→ **Records**
---+---
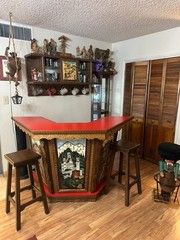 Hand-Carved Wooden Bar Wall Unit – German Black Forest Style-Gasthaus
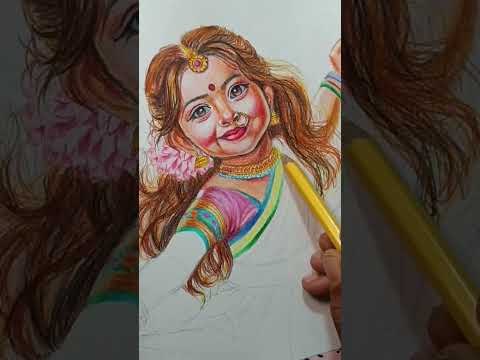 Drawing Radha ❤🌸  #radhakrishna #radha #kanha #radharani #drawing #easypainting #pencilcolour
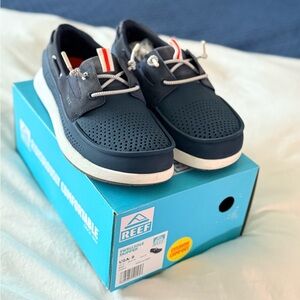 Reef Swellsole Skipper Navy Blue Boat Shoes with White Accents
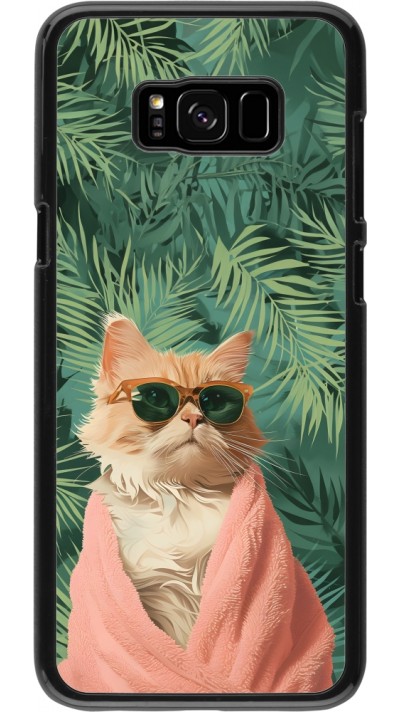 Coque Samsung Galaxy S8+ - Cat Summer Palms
---+---
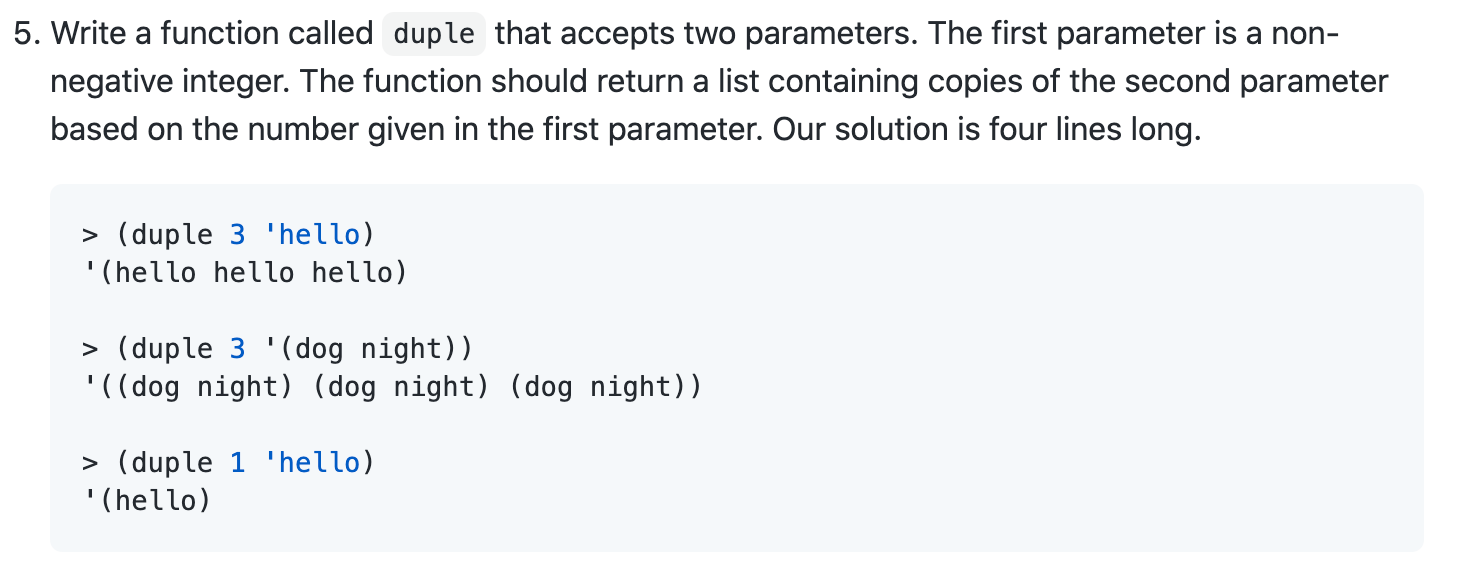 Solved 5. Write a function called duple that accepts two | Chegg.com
---+---
→ **Required action**
Beginning with the line that contains "Hand-Carved Wooden Bar", write out the lines of the material above exactly, and end with the line that contains "Coque Samsung Galaxy S8+ - Cat Summer Palms". Omit the pictures.

→ **Problem solution**
 Hand-Carved Wooden Bar Wall Unit – German Black Forest Style-Gasthaus
 Drawing Radha ❤🌸  #radhakrishna #radha #kanha #radharani #drawing #easypainting #pencilcolour
 Reef Swellsole Skipper Navy Blue Boat Shoes with White Accents
 Coque Samsung Galaxy S8+ - Cat Summer Palms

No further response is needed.